Lascio il suo braccio quando siamo a ridosso dell’angolo della strada e mi insinuo rapidamente nella protezione che mi offre. «Non sai quanto ti sia... boh, debitrice, tipo?» sussurro, poi sospiro. «Mi hai salvato da un’ondata di preoccupazione che non avrei potuto reggere.»
In realtà, non credo che sarebbe andata così, anche se avessi avuto davvero un attacco di panico. Non posso rivelargli che la mia è una scusa per ottenere un supporto del quale, sì, non posso fare a meno. Se ne va, infine, non senza avermi offerto un’assistenza che non ti aspetteresti da un estraneo; non senza aver voltato il capo nella mia direzione un’ultima volta.
«Tilly!»
Tengo stretto tra le dita il cimelio della famiglia Morgenstern che mi permette di richiamare la mia elfa domestica ogni qualvolta senta il bisogno della sua presenza. Mi trovo a metà del vicolo, nascosta da un cassonetto dell’immondizia più grande di me. Uno schiocco annuncia l’arrivo della mia salvatrice.

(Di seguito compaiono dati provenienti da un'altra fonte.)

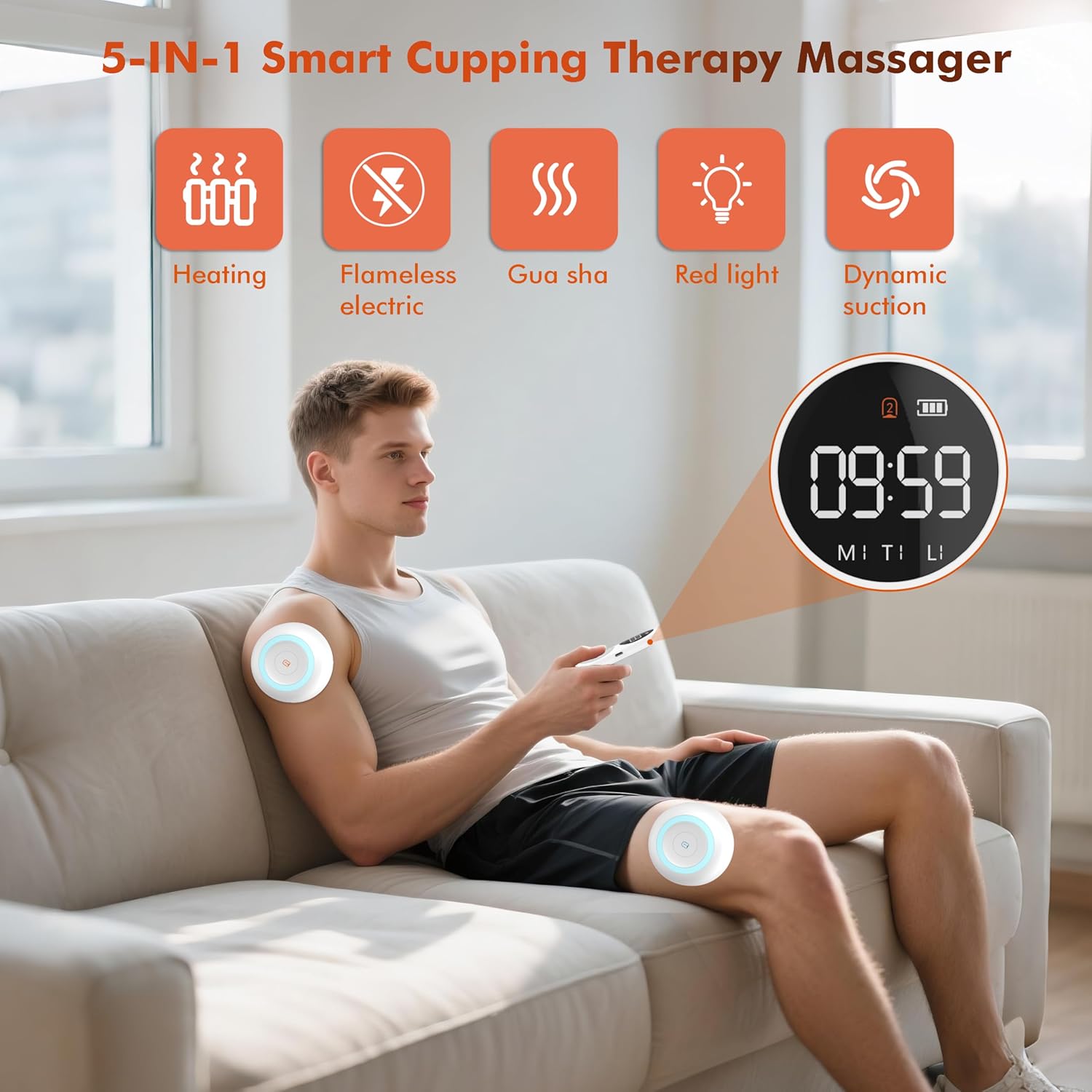 Thumbnail 1 de 2 Pack Smart Cupping Therapy Massager: 5-in-1 Cupping Set for Pain Relief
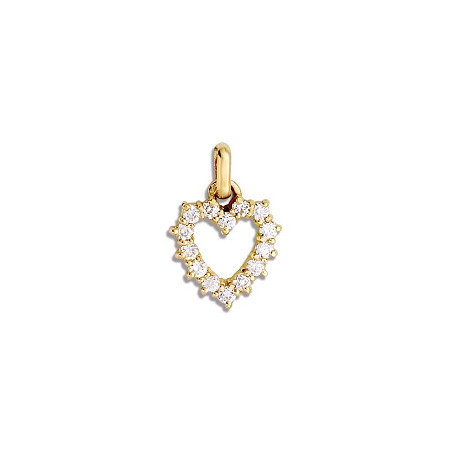 Pendentif coeur d'oxydes Or 9 carats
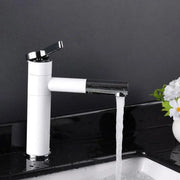 Rubinetto per lavabo con doccetta estraibile, ottone sanitario, bianco, WZX/2021 Rubinetti per bagno Titolo predefinito Alessandro Design
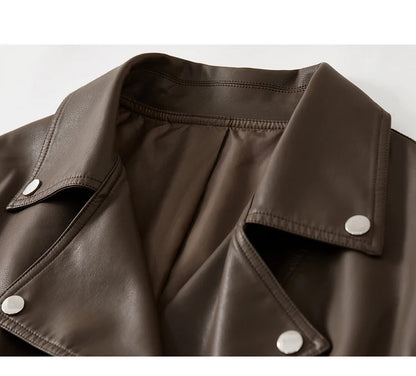Solid Pu Faux Leather Short Jacket & Outerwear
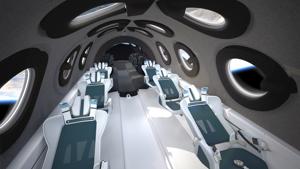 This undated photo released by Virgin Galactic shows the interior of their SpaceshipTwo Cabin during a flight. Highly detailed amenities to enhance the customer experience were shown in an online event Tuesday, July 28, 2020, revealing the cabin of the company's rocket plane, a type called SpaceShipTwo, which is undergoing testing in preparation for commercial service. There are a dozen windows for viewing, seats capable of being customized to each of six passengers and mood lighting. (AP) This undated photo released by Virgin Galactic shows the interior of their SpaceshipTwo Cabin during a flight. Highly detailed amenities to enhance the customer experience were shown in an online event Tuesday, July 28, 2020, revealing the cabin of the company's rocket plane, a type called SpaceShipTwo, which is undergoing testing in preparation for commercial service. There are a dozen windows for viewing, seats capable of being customized to each of six passengers and mood lighting. (AP)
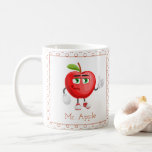 Cute Apple Thumbs Up Teacher Name  Coffee Mug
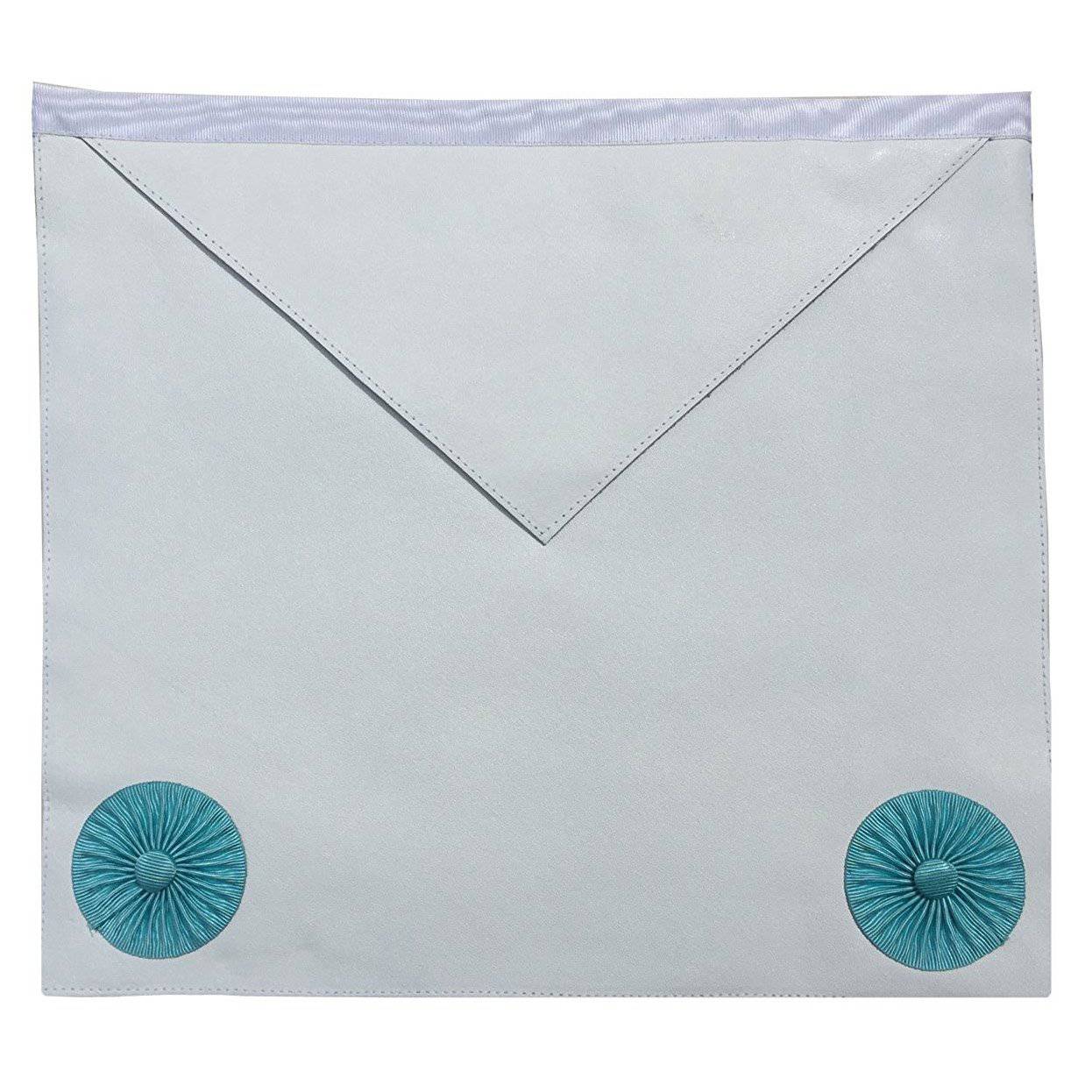 Fellowcraft Blue Lodge Apron - White with Rosettes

«Tilly, ho bisogno di una fiala.» Parlo senza darle il tempo di chiedere. Non voglio destare sospetti. Non voglio correre il rischio di essere beccata. Desidero soltanto trovare il conforto che le sostanze a me care possono darmi. Tilly si rabbuia. «Subito» aggiungo.
Non è il tempo dell’assennatezza — con me, non lo è mai. Per questo, cogliendo la perentorietà nel mio tono, la piccola si limita ad annuire e a scomparire. Io, nell’attesa del suo ritorno, mi guardo intorno per assicurarmi di essere ancora da sola: nessuno affacciato alle finestre, nessuno interessato a indagare la semioscurità del vicolo chiuso in cui mi trovo.

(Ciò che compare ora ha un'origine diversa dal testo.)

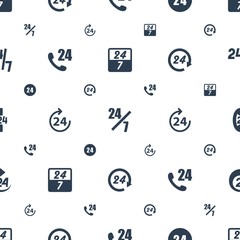 hours icons pattern seamless white background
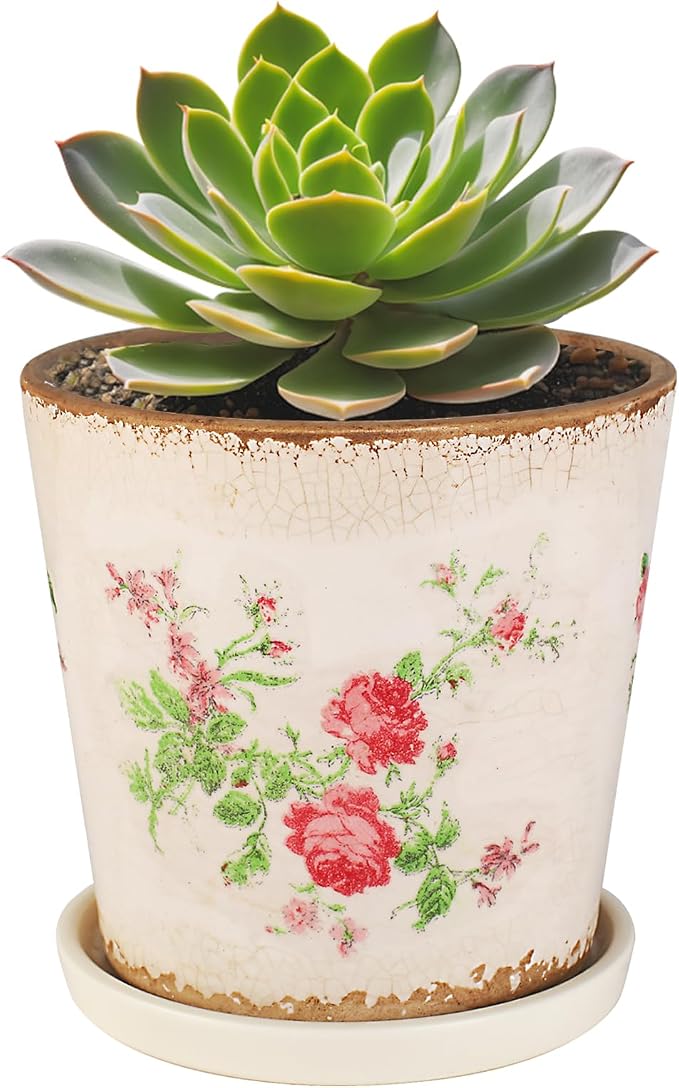 Ceramic Flower Pots For Indoor Plant, 5.5 Inch Small Ice Crack Plant Pots With Drainage Hole & Saucer, Decorative Vintage Planters For Succulent Herb Cactus Mint Basil, Garden Pot For Home Decor
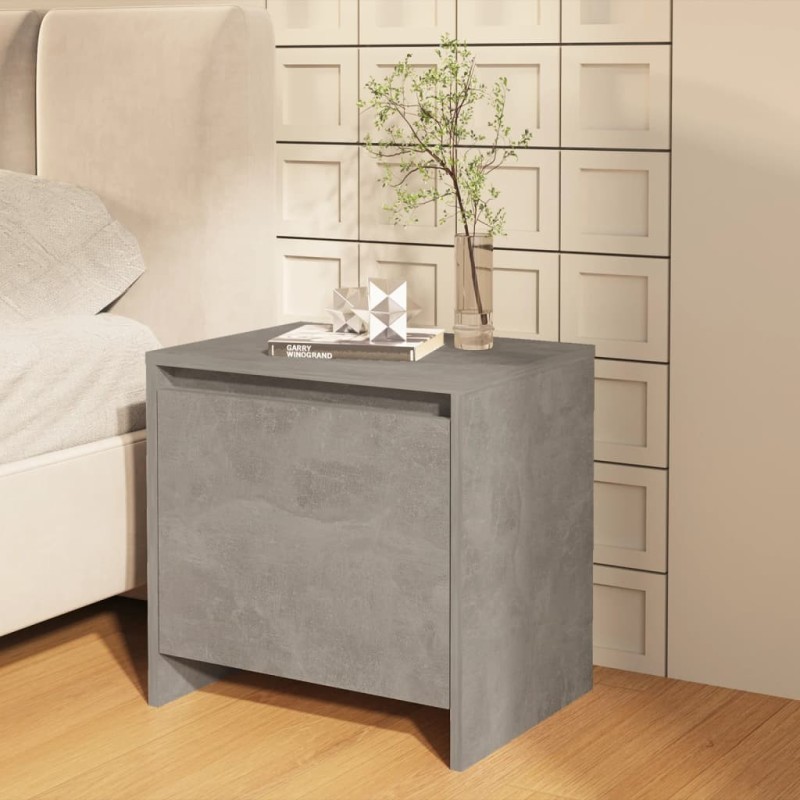 Table de chevet gris béton 45x34x44,5 cm bois d'ingénierie Table de chevet gris béton 45x34x44,5 cm bois d'ingénierie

Un terzo schiocco conferma il suo ritorno. La fialetta che stringe tra le dita rachitiche solletica il mio sollievo. Neppure mi avvedo del sorriso che poggia sulle mie labbra solo alla prospettiva del suo consumo.
La sensazione inebriante mi raggiunge non appena il liquido sfiora la mia bocca e discende lungo la gola. Allora, la zavorra piazzata sul mio petto si alleggerisce e, piano piano, si sfoca. Le pupille si allargano, costringendo l’iride all’angolo dell’occhio.

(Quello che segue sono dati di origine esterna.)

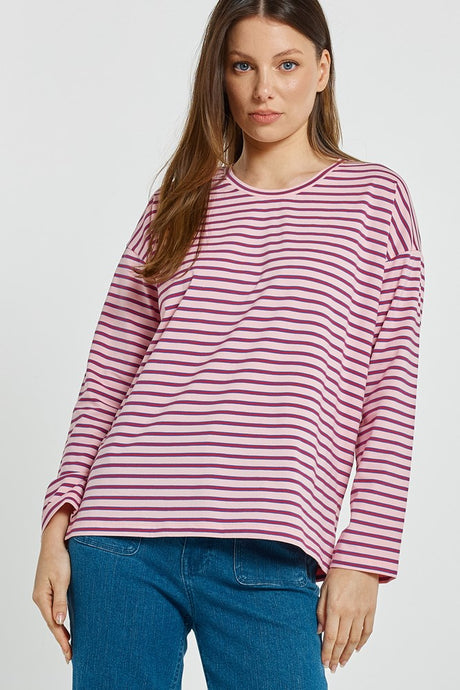 Betty Basics Vienna Tee Pink/Purple/Red Stripe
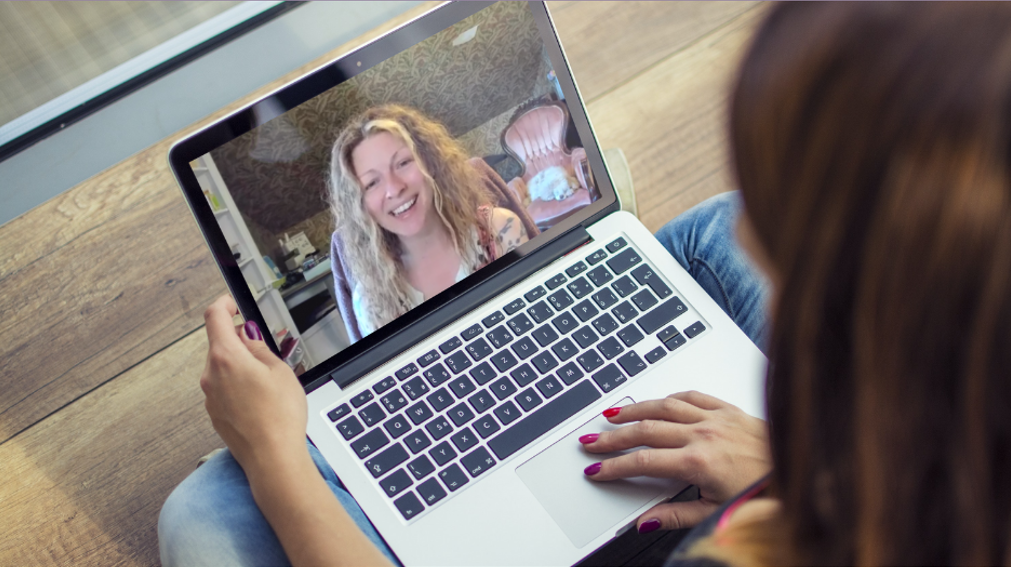 women on virtual meeting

Ringrazio l’elfa. Le mie dita tracciano una carezza gentile sul suo viso, allorché la congedo. Non è tranquilla. Non ama sapermi da sola in preda all’effetto degli intrugli cui devo la sopravvivenza. Non sa, però, che non sono sola stavolta e che è proprio la compagnia — che tutti, lei compresa, ritengono un rimedio ai miei affanni — a sollecitare i miei demoni.
Torno sui miei passi, senza fretta, ora più tranquilla. Quando rimetto piede nel locale e, da ultimo, riprendo posto al tavolo, non do spiegazioni. Mi limito a prendere il calice che sta di fronte al mio piatto e a farlo scivolare verso di te, Umanoide.
«Ti dispiacerebbe condividere?»
Mi riferisco allo Chardonnay, il rinforzo di cui ho bisogno per affrontare questo stupido onigiri.
Ti prego, dicono i miei occhi. Ne ho bisogno.